Hak Anak Berhadapan dengan Hukum Terabaikan

JAKARTA  – Penerapan Undang-Undang Nomor 11 Tahun 2012 tentang Sistem Peradilan Pidana Anak (SPPA) dinilai belum maksimal. Hal ini antara lain bisa dilihat dari masih terabaikannya hak-hak anak berhadapan dengan hukum (ABH).
“Hak yang diabaikan seperti hak melanjutkan pendidikan, bertemu keluarga, hingga penetapan penahanan sebagai upaya terakhir,” kata Komisioner Komisi Perlindungan Anak Indonesia Jasra Putra kepada HARIAN NASIONAL di Jakarta, Jumat (10/8).

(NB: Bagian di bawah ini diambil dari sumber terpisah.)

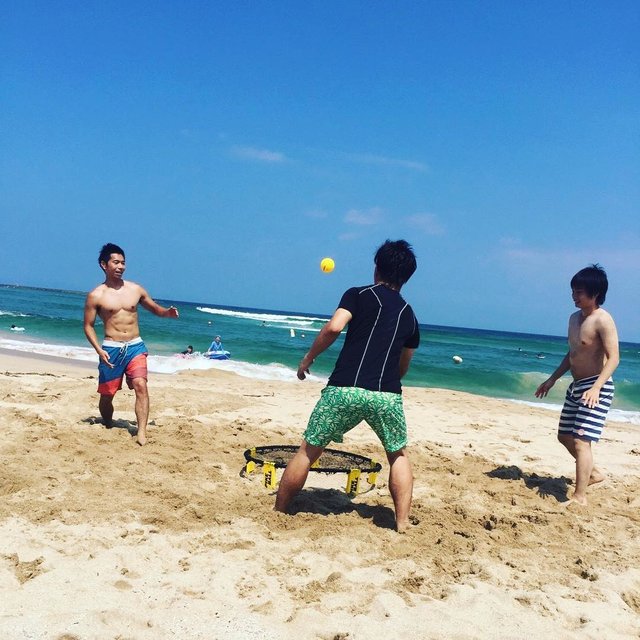 Yohei on Instagram: “お盆満喫！#浅茂川海水浴場#スパイクボール#spikeball” (114030)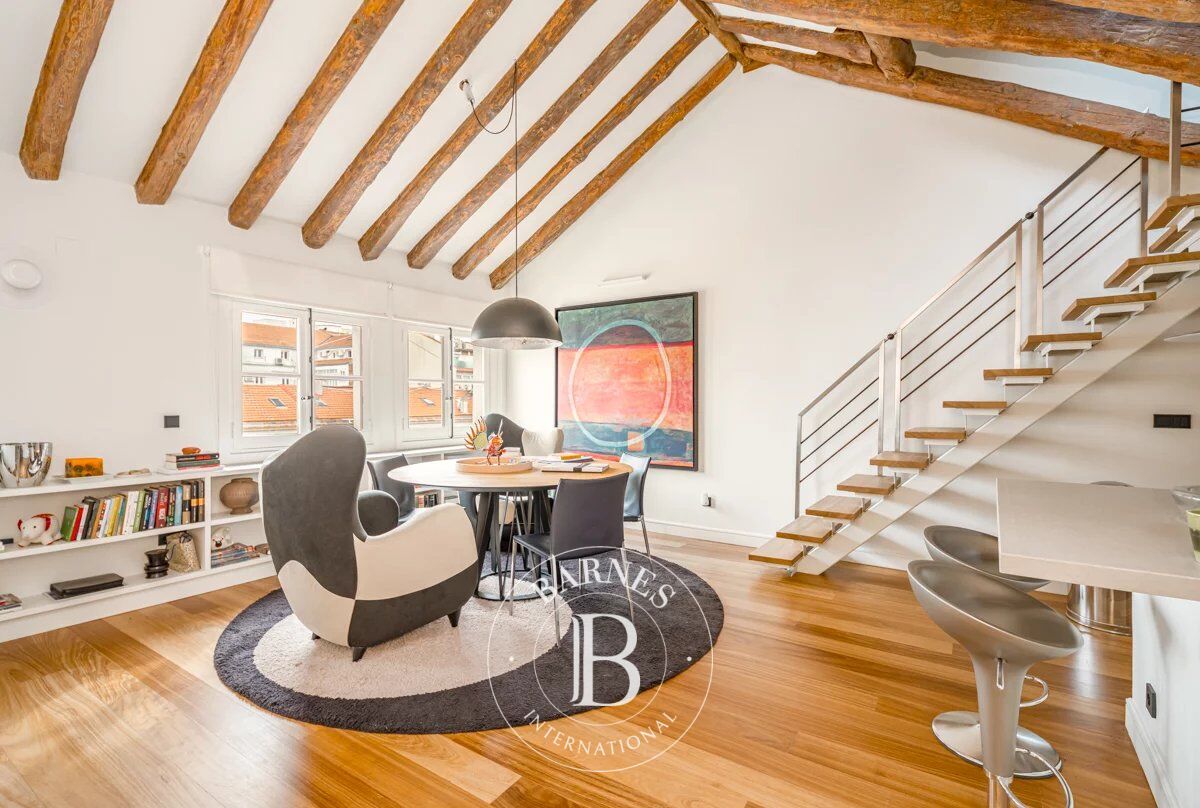 Eleganza ad Alta Quota: Il Rifugio Definitivo in un Attico a Madrid - picture 3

Jasra menjelaskan, spirit UU Nomor 11 Tahun 2012 harus dipahami semua pihak. Pemahaman ini tak terkecuali saat ABH ditangani pihak kepolisian. Penangan kasus perlu memerhatikan kepentingan terbaik untuk anak.
“Sehingga negara tidak merenggut masa depan terbaik mereka,” ujarnya.
Jasra menilai, aspek yang mengalami kemajuan terkait UU Nomor 11 Tahun 2012 tentang SPPA baru sebatas mengenai ketentuan diversi dan restorative justice.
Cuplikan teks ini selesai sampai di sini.